National Secretary of Sports
- In office 25 May 2022 – 15 August 2023
- President: Mario Abdo Benítez
- Preceded by: Fátima Morales
- Succeeded by: César Ramírez

Medal record
Pan American Games
| Bronze medal – third place | 2015 Toronto | Mixed Doubles |

= Diego Galeano (tennis) =

Paraguayan tennis player (born 1992)

Diego Sebastian Galeano (born 1 February 1992) is a Paraguayan former professional tennis player.

==Tennis career==
Born in Asunción, Galeano was a top 100 junior and made his Davis Cup debut as a 17-year old in 2009. He represented Paraguay at the 2010 Summer Youth Olympics, where he lost a bronze medal playoff in the doubles.
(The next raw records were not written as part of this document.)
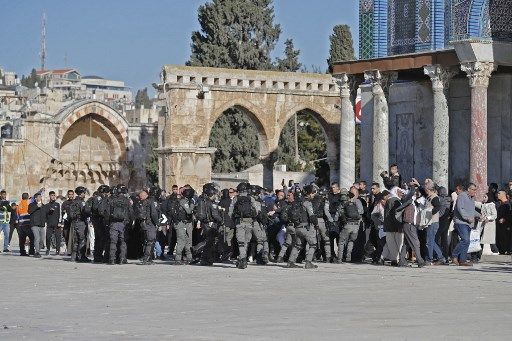 Bentrokan Kembali Pecah di Kompleks Al-Aqsa, 12 Warga Palestina Terluka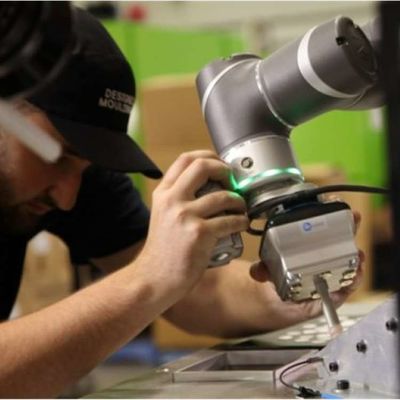 Pinza di presa VGC10 del robot di vuoto con il braccio robot di collaborazione come robot industriale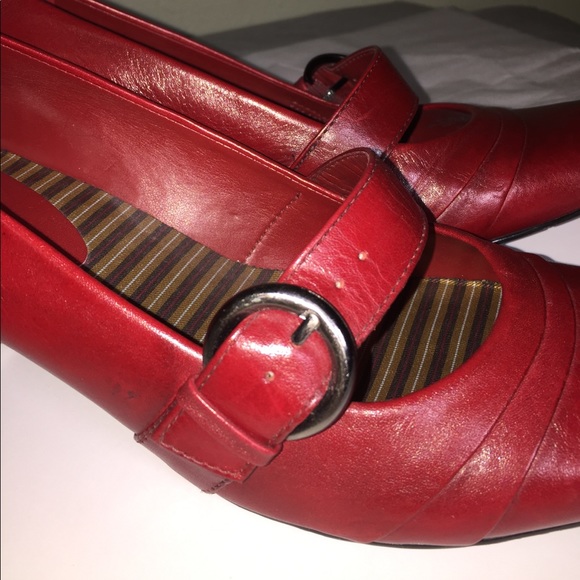 Gianni Bini red 👠 heels - Picture 6 of 7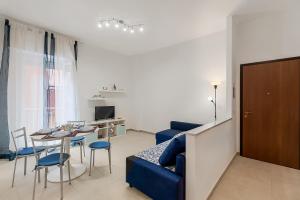 Modern White Apt with AC and balcony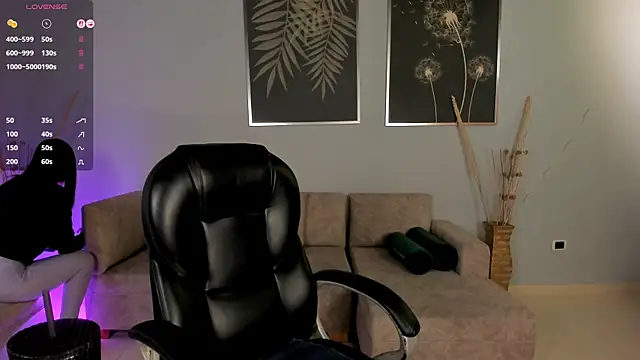 JennaOlsonX online show from 11/30/25, 11:33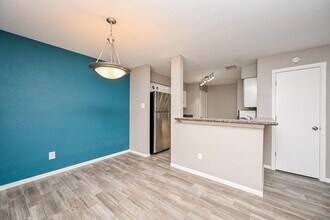 2211 S Kirkwood Rd in Houston, TX - Foto de edificio - Building Photo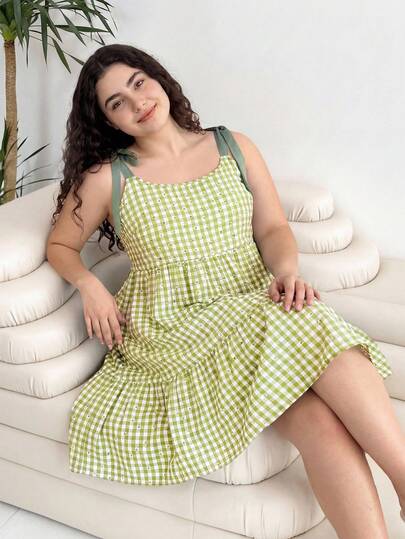 Solflare Spring/Summer New Casual Everyday Commute Party Suitable For Wedding, Music Festival, Back To School, Graduation, Vacation, Streetwear, Exploration, City Stroll, Multi-Occasion Wear, Can Be Worn Outerwear Or Layering, Contrast Bow Strap, Multi-Layer Pleated, Green & White Plaid Floral Print, Short, Loose, Plus Size Dress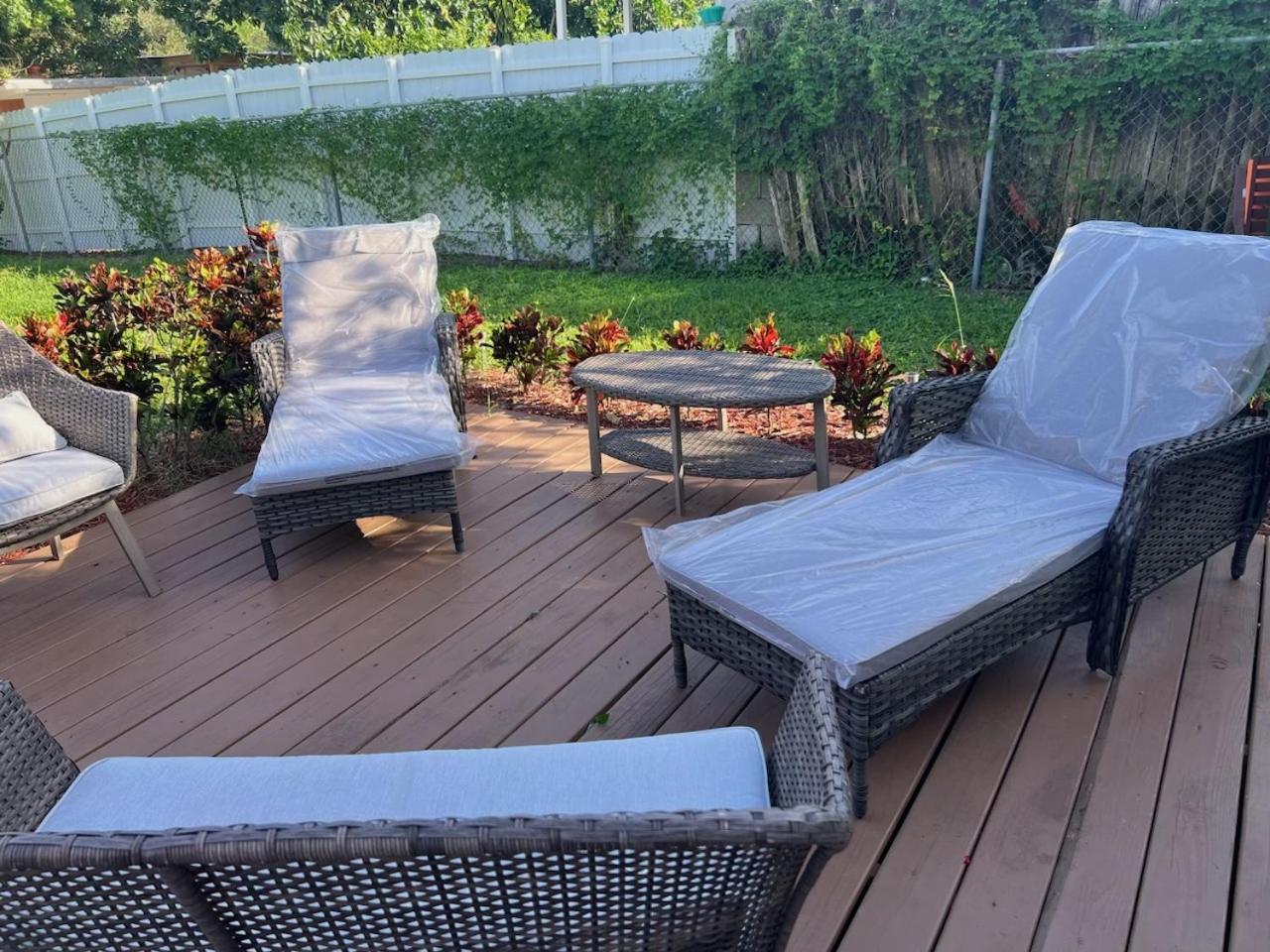 5 Min To Beach Large Living Room Fenced Backyard Bbq Firepit Driveway Boat Parking Lake Worth Beach Exterior foto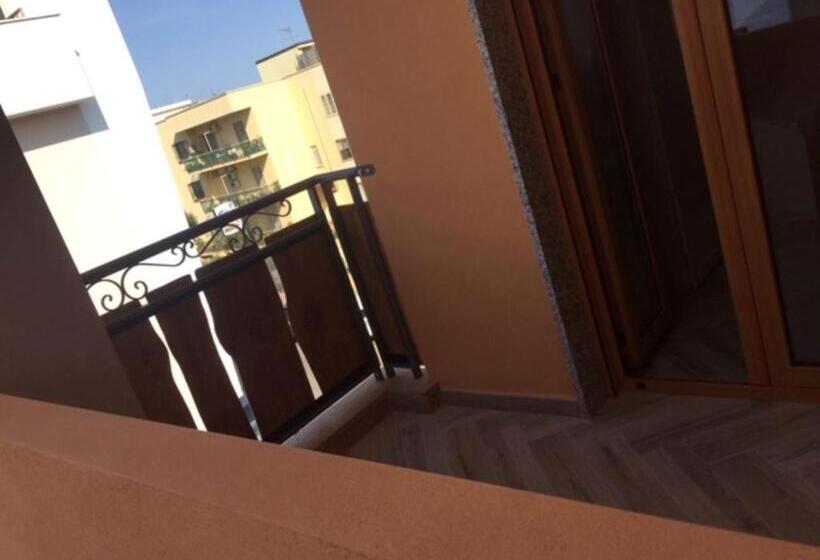 اتاق استاندارد سه تخته با سرویس بهداشتی مشترک, Paradise Home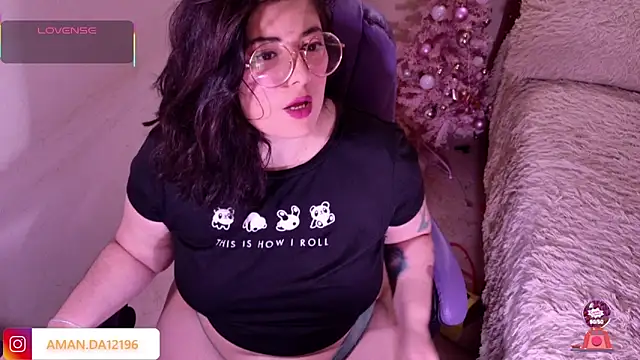 Snapshot of Azamy-12 chatting on 12/14/25, 06:52 Azamy-12 online show from 12/14/25, 06:52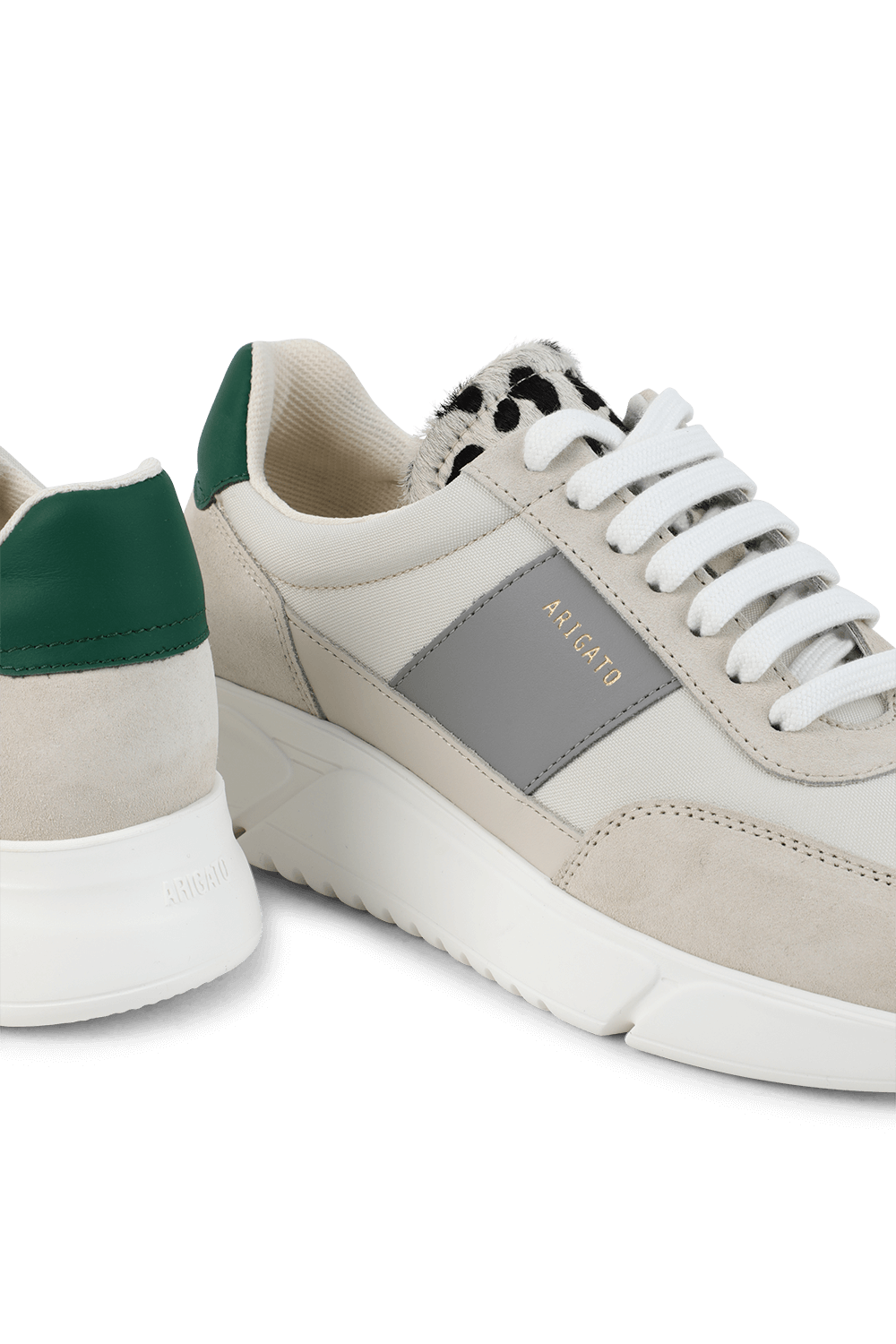 תמונת תקריב של נעלי סניקרס ג'נסיס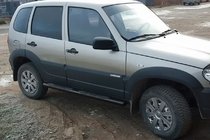 Chevrolet Niva 1998–2020 Zijbuizen Black (2 st., RVS) foto 3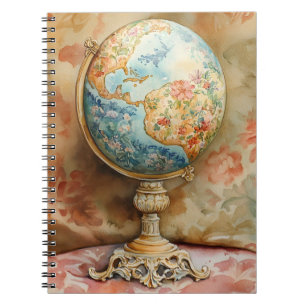 Carnet Un globe décoratif orné de motifs floraux
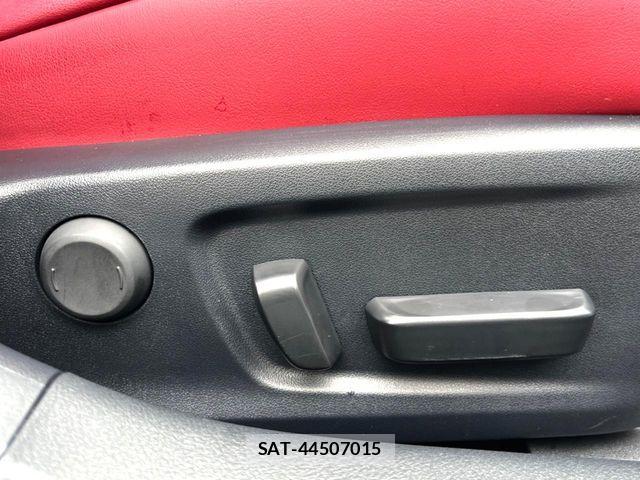 Lexus IS 2018-10 8438349-7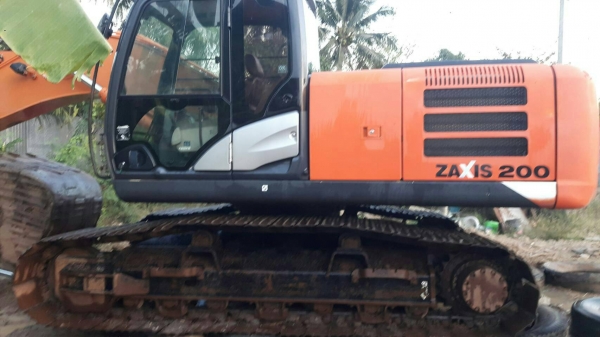 ขายแบคโฮ HITACHI ZX200-5G เอกสารอินวอย ราคา 1,480,000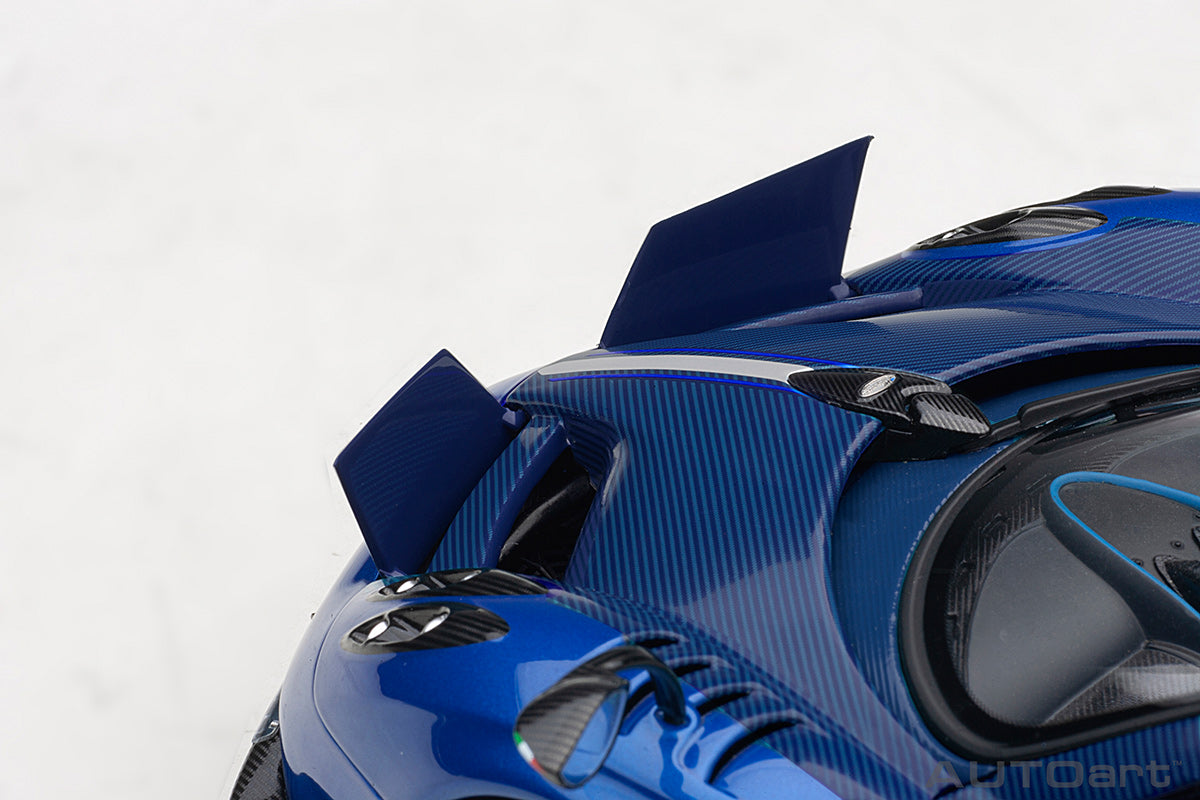 Pagani Huayra BC 2016 blue/carbon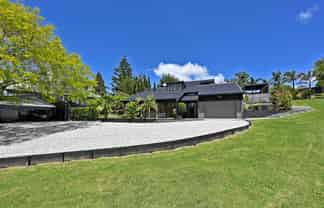 10 Elliot Street, Riverhead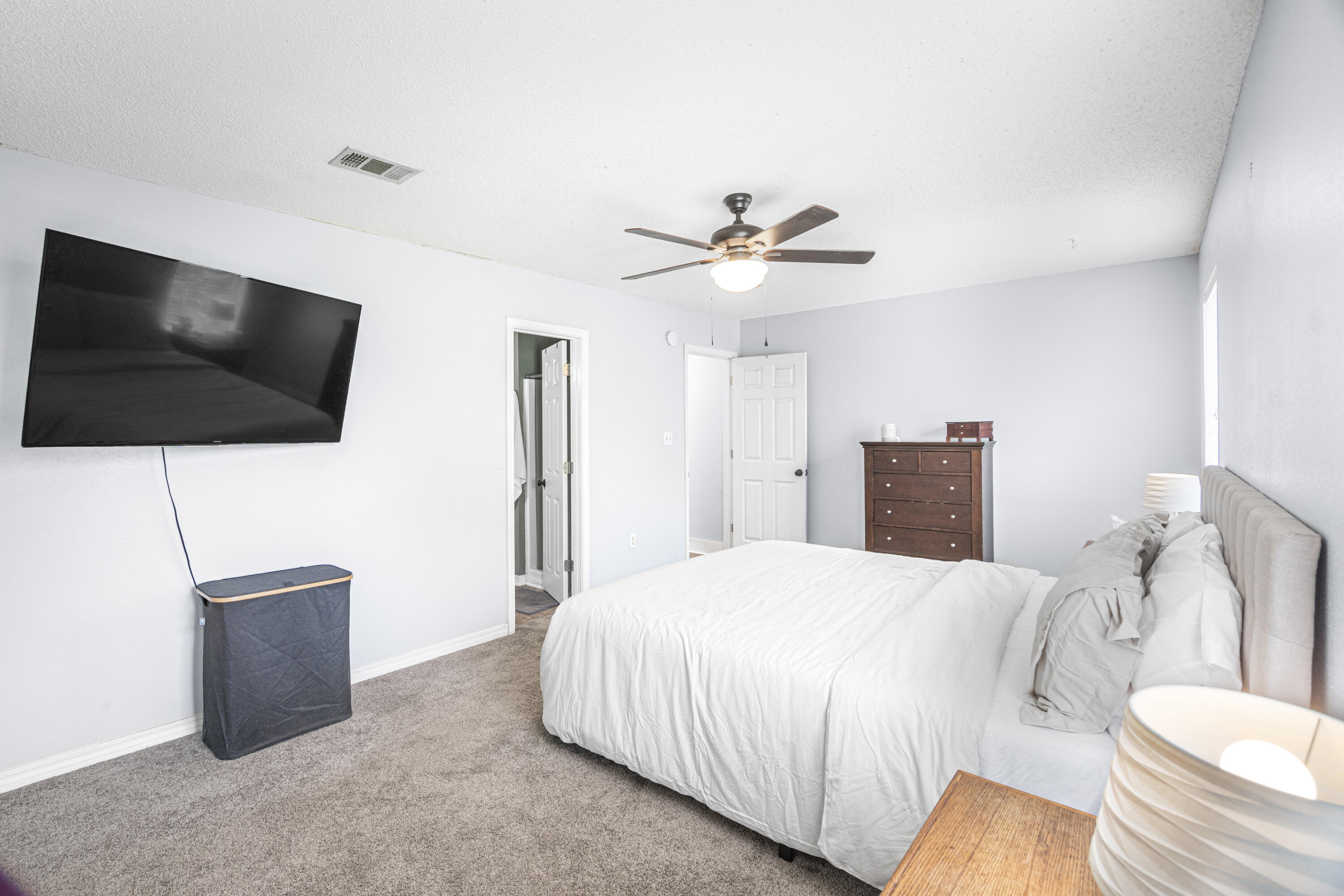 ALI-JO MANOR - Residential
Galeano played college tennis for Baylor University from 2012 to 2015. He won the USTA/ITA Texas Regional singles championship in 2013 and was a doubles semi-finalist (with Julian Lenz) at the 2015 NCAA Championships.

In 2015 he competed at the Pan American Games in Toronto and won a bronze medal in the mixed doubles, partnering Verónica Cepede Royg. He made it through to the quarter-finals of the singles draw, beating seeded players Marcelo Arévalo and Giovanni Lapentti en route.

Galeano has featured in a total of 13 ties for the Paraguay Davis Cup team, most recently in 2018.